++++ Input data

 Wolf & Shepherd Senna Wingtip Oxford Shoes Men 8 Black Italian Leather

++++++++
++++ Input data

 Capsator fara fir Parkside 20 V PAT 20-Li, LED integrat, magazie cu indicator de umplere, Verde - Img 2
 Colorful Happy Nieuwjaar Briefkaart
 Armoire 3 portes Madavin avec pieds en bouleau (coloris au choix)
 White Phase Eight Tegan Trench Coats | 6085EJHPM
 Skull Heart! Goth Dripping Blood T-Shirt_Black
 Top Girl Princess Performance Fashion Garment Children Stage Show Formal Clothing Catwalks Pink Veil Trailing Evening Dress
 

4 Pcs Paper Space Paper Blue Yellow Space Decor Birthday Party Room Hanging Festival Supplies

++++++++

**What to do**
Find where the line with "Armoire 3 portes" sits in the material above, then copy exactly from it through the line with "4 Pcs Paper". Add no other line.

**Response**
 Armoire 3 portes Madavin avec pieds en bouleau (coloris au choix)
 White Phase Eight Tegan Trench Coats | 6085EJHPM
 Skull Heart! Goth Dripping Blood T-Shirt_Black
 Top Girl Princess Performance Fashion Garment Children Stage Show Formal Clothing Catwalks Pink Veil Trailing Evening Dress
 

4 Pcs Paper Space Paper Blue Yellow Space Decor Birthday Party Room Hanging Festival Supplies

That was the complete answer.